Nowadays, mortgages are broken into components. While there may be some entities who are only making their money from servicing, there are other entities who are only making their money from interest. (More than that, the payments themselves are sometimes split into components, known as “tranches”, which may be owned by different entities.)

That’s true in the US, but may not be elsewhere. OP is in Canada, and I do believe they generally do have prepayment penalties (and one is explicitly mentioned in the OP). I’d concur with the “call your lender” advice. This varies so much country to country.

You are correct your husband is wrong.

In Canada the amortization period is only used to calculate your payments. At the end of your 5 year term you can refinance with your current bank, get a mortgage with another bank (in which case they would pay off your existing balance) or pay off the balance in full yourself.

It is actually a balloon loan but it’s standard here to refinance at the point where the outstanding balance is owed.

Last year we sold our house to a developer and have been renting it back from them til our new house is complete (and until they have all the approvals they need to tear the block down) and thanks to some very good timing we were able to complete the deal at the end of our mortgage term thus saving ourselves any prepayment penalty.

3 more months and we’ll have a mortgage again.

Oh, absolutely, the mortgage-backed securities market still exists (and abuses not-withstanding, that kind of market existing is actually quite a good idea) and almost certainly the (commercial) bank with the offices that you go into to sign mortgage paperwork is not the same (investment) bank that actually has rights to the income from your payments and is exposed to the loss should you default. My comments were from the perspective of the latter bank.

Were there ever sweeter words in the English language? :smiley:

Thanks for all the input, guys - it does sound like our bank is the next place to check.

Just to follow up: my recollection from a long-ago Land Transactions class in law school is that in Canada, federal law prohibits a mortgage for residential property with a longer term than five years. Amortisation period is subject to negotiation, but the term of the mortgage agreement cannot exceed five years. This is a consumer protection measure, to prevent a borrower from being locked in for an unduly long period and being unable to take advantage of changes in the interest rates, or more favourable policies with a different lender.

Not meant as legal advice, of course: as others have stated, first thing is to read your mortgage agreement carefully, then talk to your bank.

Is that still current? ING was advertising 10 year terms the last time I went on their site, and I’m sure I’ve seen 7 year terms from other banks.

Now you’re making me go off and do research?!?

Well, I’m assuming that if multiple banks are openly advertising a product it’s probably legal:).

It just seems a strange sort of consumer protection law to have in the first place.

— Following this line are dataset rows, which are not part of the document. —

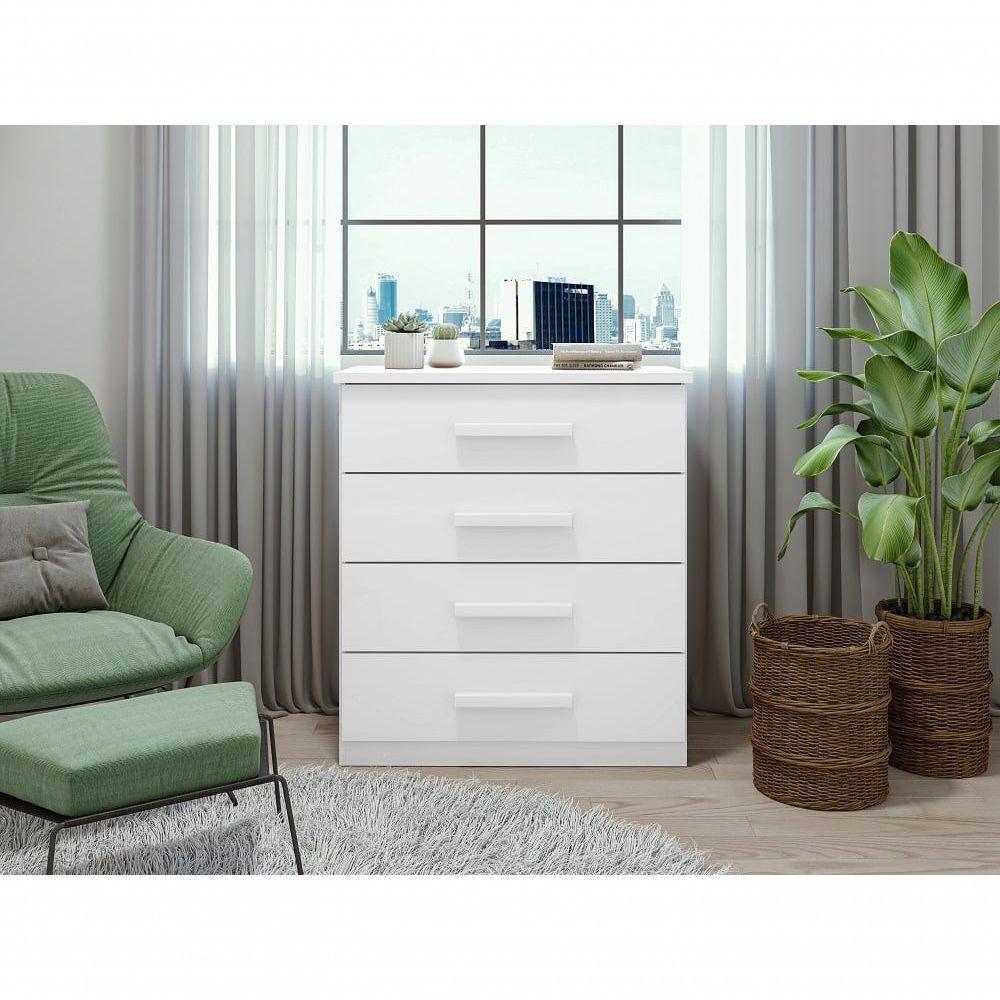 Comoda Baiao 4 Gavetas - Lopas Branco - 7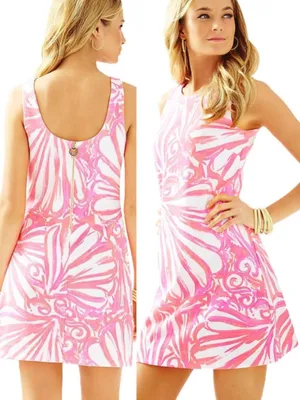 LILLY PULITZER Callie Shift Dress Pink Sun Ray Shimmy Shimmy Neon Seashell Large thumbnail 2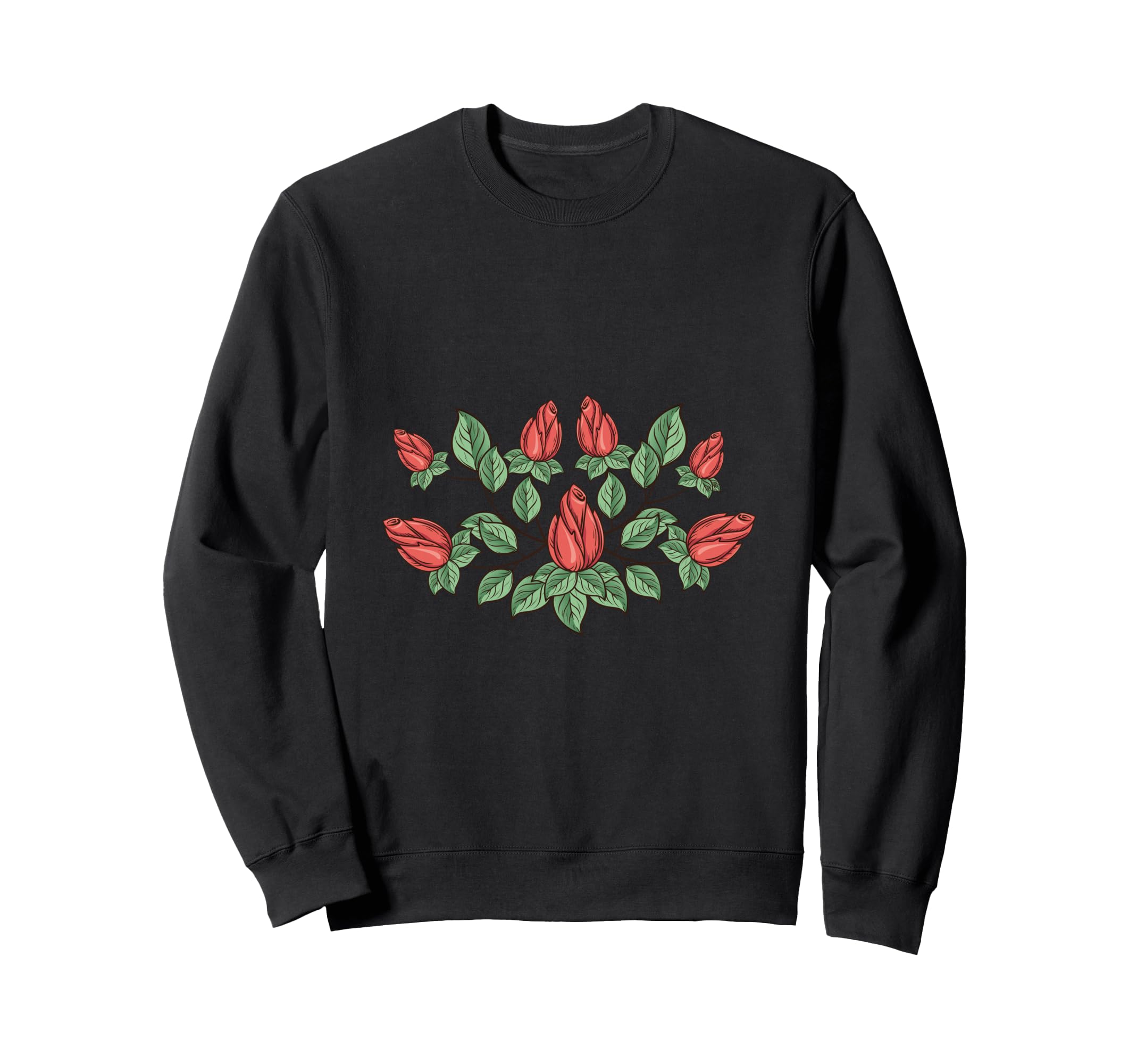 Rose Decorative Tattoo Floral Sweatshirt - Fun Novelty Design for Adults - T-Shirt, Sweatshirt, Hoodie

It seems like it’d be easier to forbid/limit the amount of pre-payment penalties. That way everyone isn’t forced into the can-I-qualify-for-a-mortgage-I-can-afford roulette of balloon payments.

I thought you had to tie lawyers down to stop them from doing research. :smiley:

Funny – that doesn’t seem to be a problem in the States. No one is locked into anything without being able to renegotiate. I can’t even imagine how that would work – you are prohibited from paying off the loan for 30 years no matter what?